I will bet a hundred a walker or english will win it. Any takers?


----------



## NiteHunter (Oct 1, 2010)

*Pro Hunt*

Jaybo, i may see if Rodney will let me come out of retirement and hunt with yall at the Pro Hunt.


----------



## NiteHunter (Oct 1, 2010)

You may be right GaDawg.


----------



## jaybo81 (Oct 1, 2010)

NiteHunter said:


> Jaybo, i may see if Rodney will let me come out of retirement and hunt with yall at the Pro Hunt.



Heck ya man...We just started back hunting.... trying to knock the rust off em!!!


----------



## DROPPINEM (Oct 1, 2010)

plottman25 said:


> It sure aint anything in my lot



That makes two of us


----------



## Jeremiah Glaze (Oct 1, 2010)

jaybo81 said:


> Well we can see just how bad a few of these hounds are....there is a pro hunt in the making for the first weekend of december its either gonna go out of gray or eatonton club....not real sure at this time.....but me and lemonade will be there for sure....can't wait!!!

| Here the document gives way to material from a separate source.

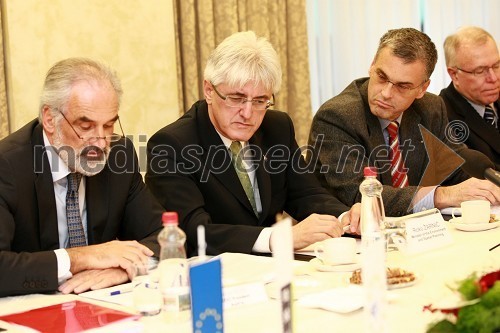 	Josef Robl, predsednik Evropskega sveta inženirskih zbornic, dr. Roko Žarnič, minister za okolje in prostor in Črtomir Remec, predsednik Inženirske zbornice Slovenije (IZS)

Pro hunt is in Eatonton...c yall there!!! final 4 will be at least 3 walkers


----------



## holler tree (Oct 1, 2010)

well if you ask my son (7 yrs old) after the show his little redtick female put on tonight he would tell you he has the best dog in the state  . she flat shut out the old man and had the meat tonight. awesome night to be in the woods with my die hard hunting buddy.


----------



## thomas gose (Oct 1, 2010)

holler tree said:


> well if you ask my son (7 yrs old) after the show his little redtick female put on tonight he would tell you he has the best dog in the state  . she flat shut out the old man and had the meat tonight. awesome night to be in the woods with my die hard hunting buddy.


----------



## evan ashley (Oct 5, 2010)

is the pro hunt in eatonton or gray. the book says gray and joe called me the other day and told me gray. o well it doesn't matter i will be there. just gotta find a good dog to hunt in it.


----------



## jaybo81 (Oct 5, 2010)

evan ashley said:


> is the pro hunt in eatonton or gray. the book says gray and joe called me the other day and told me gray. o well it doesn't matter i will be there. just gotta find a good dog to hunt in it.



Im thinking its in gray evan thats what i was told...its gonna be at one of the two for sure....


----------



## *Mudslinger* (Oct 5, 2010)

jobo me and you will have to represent for the english dogs


----------